**DATA FOR THIS TASK**
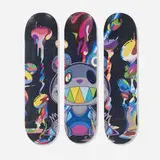 Takashi Murakami X ComplexCon, Polluted skateboard decks (triptych), 2019, transfer-printed maple plywood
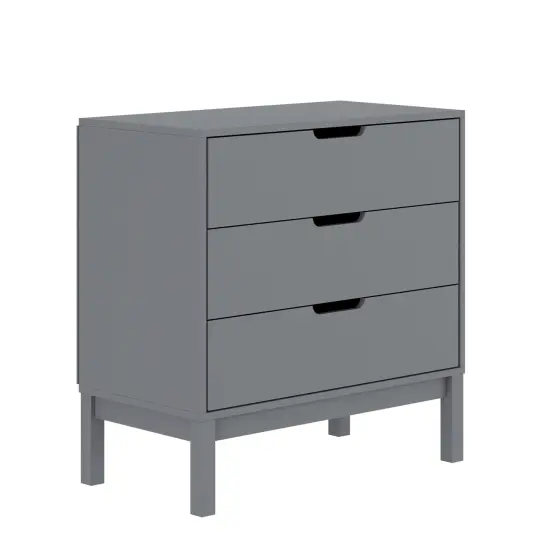 Emma and Oliver Samuel Kids Triple-Drawer Dresser with Solid Wood Frame, Chest of Drawers for Kids Bedroom Gray {2}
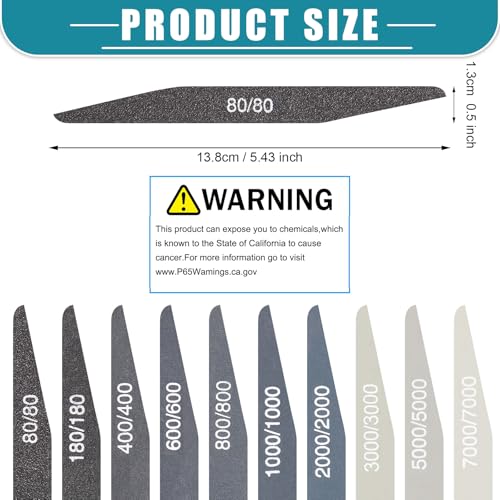 Honoson 40 Pcs Sanding Sticks Sandpaper for Modeling, Double Angle Shape - style: Double Angle Shape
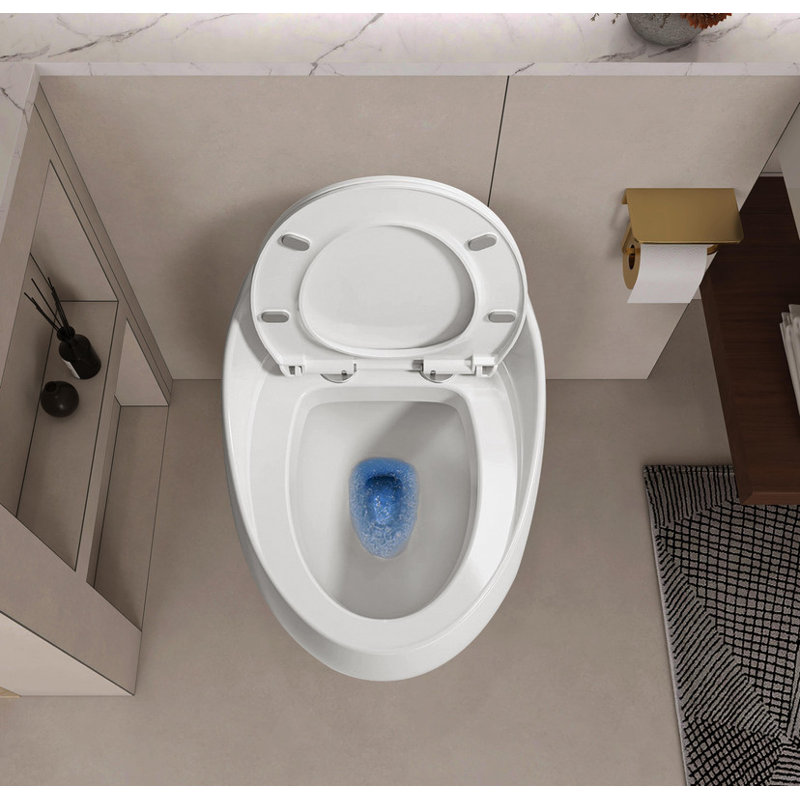 High - Quality Glossy Egg - Shape Toilet | Single Flush, Modern Design for Stylish Bathrooms, White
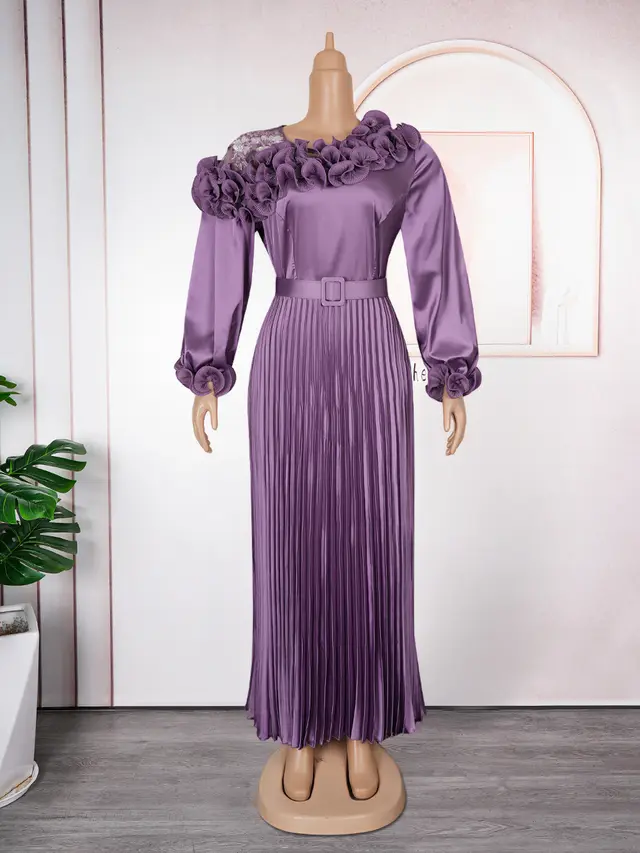 Long Sleeve Dress African Pleated Skirt Purple - Shop at LoveMi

**EXERCISE DETAILS**
In the records above, find the line containing "Honoson 40 Pcs" and output every line from the first through that one, exactly, omitting pictures.

**RESULT OF THIS EXERCISE**
 Takashi Murakami X ComplexCon, Polluted skateboard decks (triptych), 2019, transfer-printed maple plywood
 Emma and Oliver Samuel Kids Triple-Drawer Dresser with Solid Wood Frame, Chest of Drawers for Kids Bedroom Gray {2}
 Honoson 40 Pcs Sanding Sticks Sandpaper for Modeling, Double Angle Shape - style: Double Angle Shape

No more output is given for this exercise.